Afin de fermer Virage honorablement, Marcel a vendu sa maison de l'avenue Champagneur à Outremont. De peine et de misère, comme l'écrit la réalisatrice Marquise Lepage dans une lettre ouverte, il a réussi à rembourser tous les individus - techniciens, réalisateurs et attachés de presse - à qui il devait de l'argent, en répétant à tous ceux qui s'inquiétaient de son sort qu'il allait s'en sortir.

Mais il y a trois semaines, ses plus importants créanciers, notamment Technicolor et la Banque Royale, à qui Virage devait au-delà de 800 000 $, ont perdu patience. Marcel Simard a été obligé de déclarer faillite, ce qui n'est jamais facile pour un homme de 64 ans reconnu pour son intégrité et qui n'a jamais travaillé pour la gloire et l'argent, mais pour l'avancement des êtres humains. Une fois de plus, Marcel a relevé la tête et est allé au front. L'assemblée des créanciers a eu lieu le 3 mars dernier. Marcel s'y est présenté seul, sans avocat ni comptable, convaincu que les créanciers compatiraient avec lui et comprendraient qu'il n'était pas un irresponsable et qu'il finirait bien par honorer toutes ses dettes.
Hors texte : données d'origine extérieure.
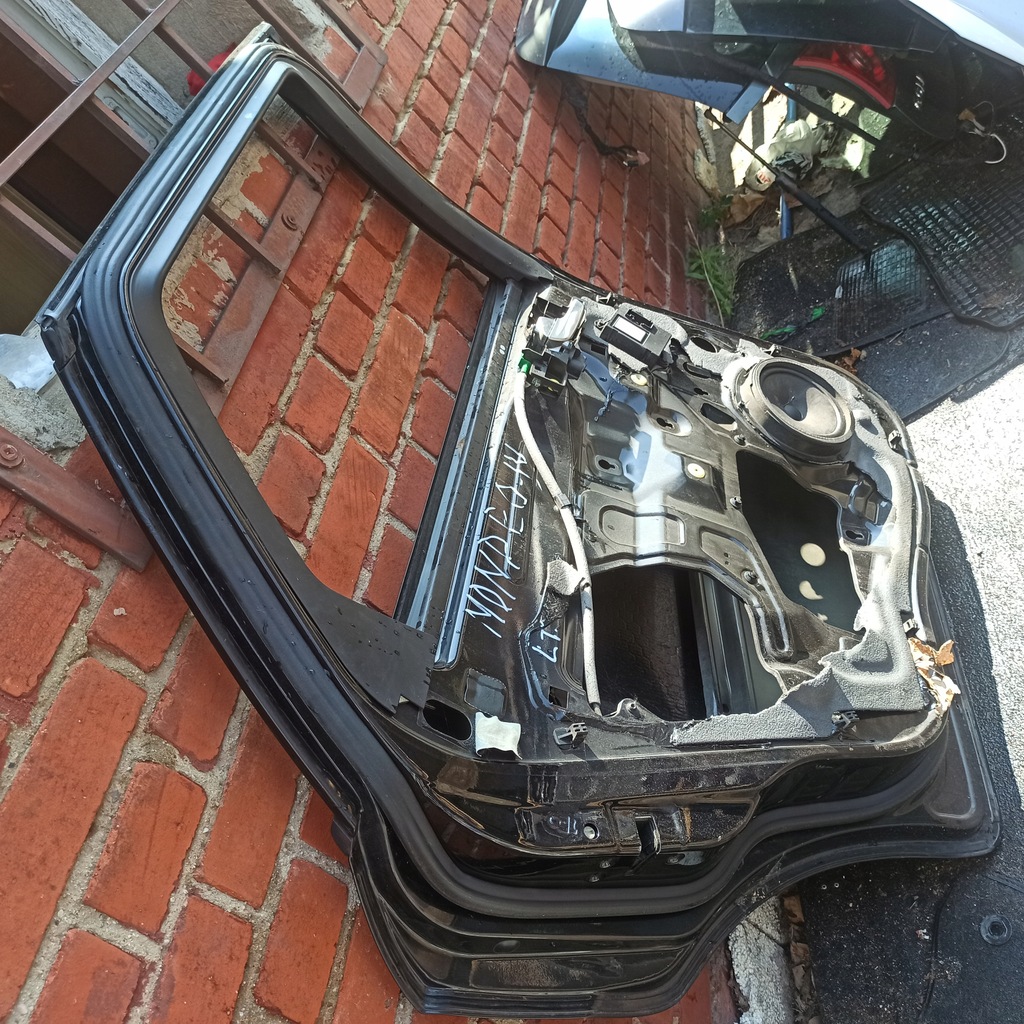 фото №16, Ford mondeo mk4 двері лівий задня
Ce fut sa seule erreur. Les créanciers se sont montrés froids, durs et sans pitié, a-t-il par la suite raconté. Certains lui ont posé des questions comptables pointues auxquelles il a été incapable de répondre. Marcel Simard est sorti anéanti de cette assemblée humiliante. Deux jours plus tard, il s'est enlevé la vie: un triste gâchis qui, s'il devenait un film, pourrait s'intituler On achève bien les cinéastes.

Dans sa lettre ouverte, la cinéaste Marquise Lepage évoque avec raison ce qui a conduit son ami Marcel Simard à sa perte: la dépression bien sûr, mais aussi un modèle économique basé sur le commerce plutôt que le contenu, adopté par les télés et les institutions cinématographiques, qui rend le financement des documentaires d'auteur de plus en plus ardu et compromet leur développement et leur avenir.

Marquise Lepage demande aussi avec raison comment Téléfilm Canada et la SODEC ont pu laisser une entreprise comme Virage, avec son catalogue d'une centaine de films, dont plusieurs connus, reconnus et primés, couler sans lever le petit doigt ni offrir à son fondateur un minimum de soutien.

Parti en laissant une courte lettre d'adieu que sa compagne Monique Simard a lue lors d'une cérémonie intime, Marcel Simard manquera à bien des gens. Il manquera surtout au cinéma québécois qui, en ces temps durs et comptables, a plus que jamais besoin d'hommes de coeur et de convictions comme Marcel Simard.